Cada equipo estaba listo para disputar entre 49 y 51 partidos de local, obteniendo ingresos que servirían para el pago de salarios y mantenimiento de los estadios: sin afición en las gradas, no hay solvencia.
En total, este año se perderán más de 700 millones de pesos solo de boletaje, sin incluir los abonos o precios especiales, afectando principalmente a Sultanes de Monterrey, Diablos Rojos del México y Toros de Tijuana, equipos que registran el mayor número de entradas durante la temporada.
“Nos va a costar mucho dinero mantener por tantos meses a la gente de oficina, los scouts, los administrativos, todos, pero yo creo que era lo más sano que no se jugara. Estimamos perder entre 40 y 50 millones de pesos.

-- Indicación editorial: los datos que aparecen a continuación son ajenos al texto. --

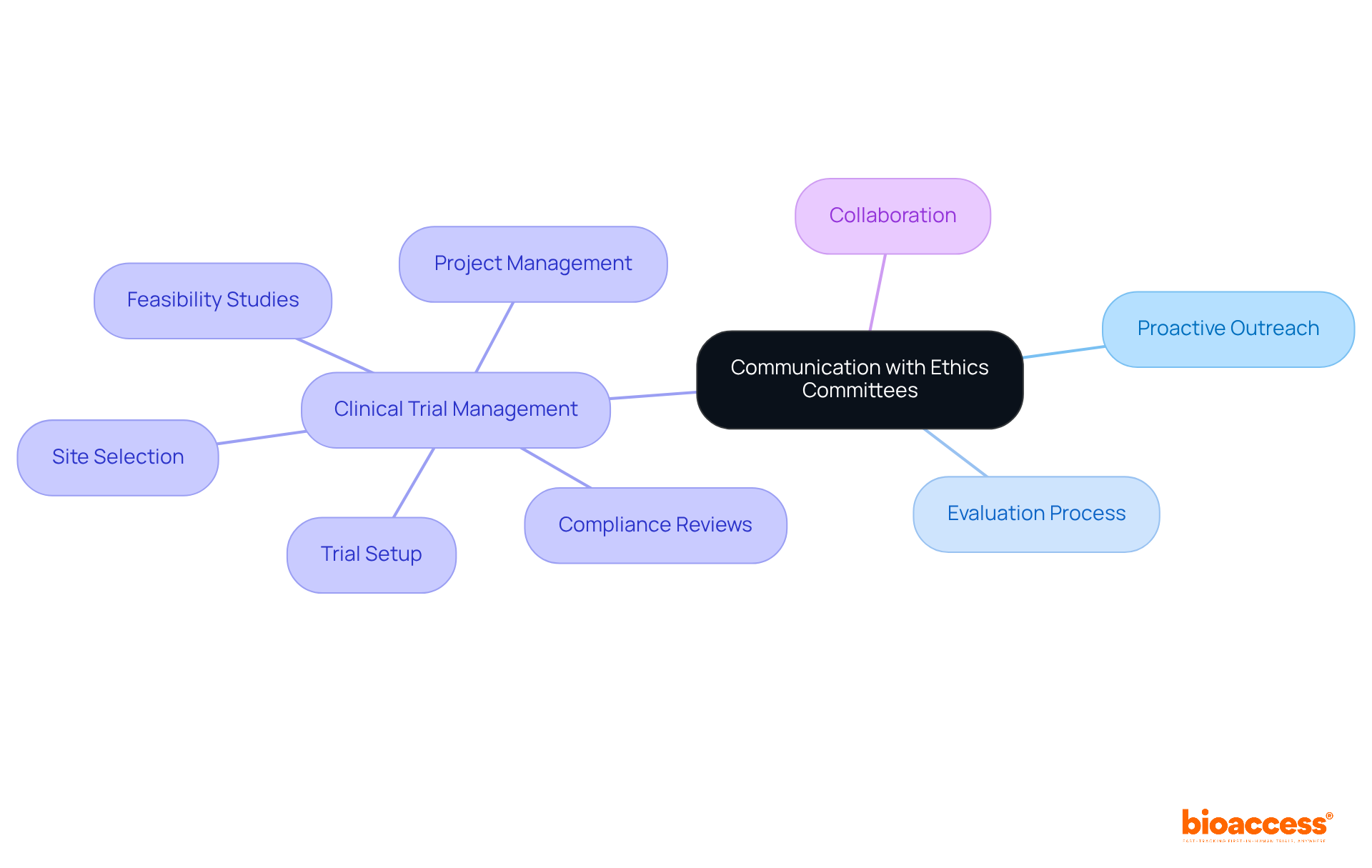 The central node represents the main theme of communication, while the branches show different aspects and benefits of maintaining open lines with ethics committees. Each color-coded branch highlights a specific area of focus.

“El jugar sin público nos afecta en la taquilla, la vendimia de lo de adentro, los snacks, todos los patrocinadores nos bajan los patrocinios como una tercera parte, no te sostienes. Lo que vamos a hacer es prepararnos para el año que entra”, explicó José Maiz, presidente de Sultanes de Monterrey.
A diferencia de la LMB, la Liga Mexicana del Pacífico si cuenta con una solvencia económica más allá de la taquilla.
En enero de 2020, Omar Canizalez, presidente de la pelota de invierno, cerró un millonario acuerdo con SKY, que incluye un paquete de 340 partidos de temporada regular con transmisiones en México y Centroamérica.

50 MDP perderá cada uno de los equipos de la LMB.
5 MIL EMPLEADOS de planta se verán afectados por la cancelación de temporada.